BIRTH
Food Network chef Giada De Laurentiis, 37, better start mashing bananas.
Jade, her daughter with hubby Todd Thompson, 44, was born March 29 in
L.A.
COURTS
On March 27 in Atlanta, rapper T.I. (né Clifford Harris Jr.), 27,
pleaded guilty to three gun-possession charges. He struck a deal to do
at least 1,000 hours of community service; upon completion, he's
expected to receive another 1,500-hour stint, a $100,000 fine, and a
year in jail. Before making the plea bargain, the Grammy winner who was
arrested in October for purchasing several unlicensed machine guns and
silencers had faced up to 30 years behind bars.... Annie Hall made Diane
Keaton a fashion icon, but Woody Allen wants none of that: On March 31
in NYC, the director, 72, sued American Apparel for putting him on
billboards without his permission. (They used a famous Annie photo Allen
dressed as a Hasidic Jew with a Yiddish tagline that read ''the holy
rabbi.'') He wants more than $10 million for damage to his reputation. In
a statement, the clothing company said the display was meant ''strictly
as a social parody'' and that they had ''no intention of selling garments
through the use of Mr. Allen's image.''
APOLOGY
On April 1, Jay Leno, 58, issued a statement expressing remorse after he
asked guest Ryan Phillippe, 33, to give the camera his ''gayest look'' on
the March 19 installment of The Tonight Show. (The actor did not
oblige.) ''I certainly didn't mean any malice,'' said Leno. ''It was a dumb
thing to say, and I apologize.''
RECOVERING
Jessica Simpson, 27, was hospitalized March 28 in L.A. for a kidney
infection. She was released in good health on March 31.
DEATHS
Famously blacklisted director Jules Dassin, 97, who made movies in his
native U.S. (The Naked City) and Europe (Never on Sunday), of
undisclosed causes, March 31, in Athens.... Actor Richard Widmark, 93,
of an unidentified illness, March 24, in Roxbury, Conn.... Dith Pran,
65 the photojournalist whose time in war-torn Cambodia inspired 1984's
Killing Fields of pancreatic cancer, March 30, in New Brunswick, N.J.
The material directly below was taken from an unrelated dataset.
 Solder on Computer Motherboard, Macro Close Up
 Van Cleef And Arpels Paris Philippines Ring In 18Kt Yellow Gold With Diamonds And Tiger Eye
Fields director Roland Joffé called him a ''testament to the human
suffering caused by the often cynical manipulations of geopolitics.'' Additional reporting by Stewart Allen
SUPER MESS
Warner Bros. just got handed legal kryptonite. On March 26, a federal
court ruled that the family of Jerry Siegel who created Superman with
Joe Shuster and sold the hero for $130 in 1938 is entitled to a share of
the character's copyright...and a chunk of the cash the Man of Steel has
raked in recently. Translation: Pending appeal, Warner Bros. will have
to surrender some profits from The CW's Smallville, now in season 7, and
from 2006's Superman Returns, which grossed $200 million domestically.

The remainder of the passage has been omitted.